The struggling industrial conglomerate reported an adjusted profit and revenue that fell from a year ago but beat analyst expectations, with even its biggest but most troublesome power business topping revenue forecasts.
The shares GE, -4.44% shot up as much as 2.7% in premarket trade after the results were released, at 6:30 a.m. ET, then pared gains to trade little changed as the conference call with analysts started at 8:30 a.m.
Once again, like what happened in May, Flannery’s comments about the outlook created more drama for investors. The stock took a nose dive following the opening bell, and was down 4.2% in afternoon trade.
The stock was the most actively traded on major U.S. exchanges, with volume surging to over 150 million shares, more than double the full-day average.
In May, Flannery suggested one reason the stock started selling off after he started talking was because investors, who were wondering “what’s taking so long?” to fix the company’s problems, weren’t happy with his style of being “deliberate and then moving when things make sense as opposed to moving just because somebody wants us to.”
On Friday, Flannery seemed less deliberate by saying the company was working “intensely” to fix the issues in the power business, with “a total sense of urgency.” But then he followed that by saying, “It’s going to be a multiyear fix, with some volatility.”
And while the company was executing on its turnaround plan and “energized” by the path forward, he said the current outlook for earnings per share “is at the low end” of the previously provided guidance range of $1.00 to $1.07.

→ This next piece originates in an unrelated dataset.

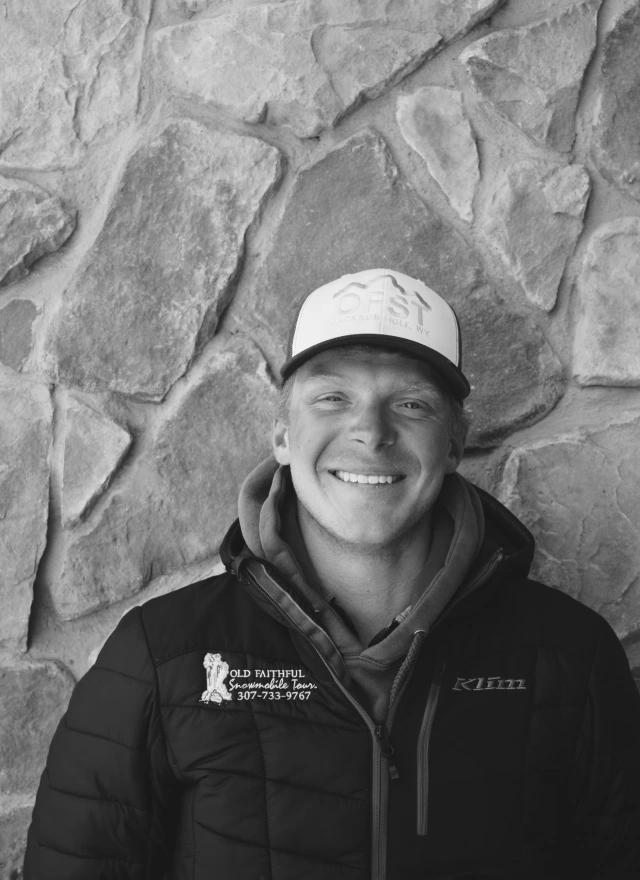 Professional guide Owen Lynch smiling in black winter jacket and cap against stone wall background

In response to an analyst’s question about the potential effects of tariffs imposed by the Trump administration, Flannery said he didn’t see a major financial impact yet, “certainly not in our 2018 guidance.” But he added at caveat, that GE is a company “that’s built for fair and open trade” with a “massively global business” in every sense.
“And our view right now is we hope and we expect that ultimately these matters reach sensible negotiated conclusion, and we think that’s really in the best interest of all parties involved,” Flannery said, according to a transcript provided by FactSet. “So we’re watching this carefully, but I think the financial parameter, we’ve got a good handle on.”
Perhaps “hope” and “I think” weren’t exactly the words to inspire investors, when the stock has plunged 51% over the past 12 months, while the SPDR Industrial Select Sector exchange-traded fund XLI, -0.11% has gained 8.3% and Dow Jones Industrial Average DJIA, -0.03% has climbed 16%.
CFRA analysts Elizabeth Vermillion and Jim Corridore reiterated their hold rating on the stock, but trimmed their price target to $15 from $16, citing “challenges related to GE’s turnaround and restructuring.”
And as the power market showed no sign of improvement, Vermillion and Corridore said “we expect this turnaround to take a long time to play out.”
GE keeps its promise for a cleaner, simpler earnings report
On the bright side, GE has followed through on its pledge to report earnings in a “much cleaner” and “much simpler” way, and to be more consistent and transparent in displaying financial data.
For the third straight quarter, GE has provided EPS numbers in easily-viewable bullet points at the top of the release, and provided financial tables up high in the release so investors can quickly assess the performance of each business segment.
And for the second straight quarter, the company described earnings to be compared with consensus analyst estimates by the more widely used phrase of “adjusted EPS,” rather than the more confusing “industrial operating + verticals EPS.”
Now the company just has to make its conference calls cleaner and simpler.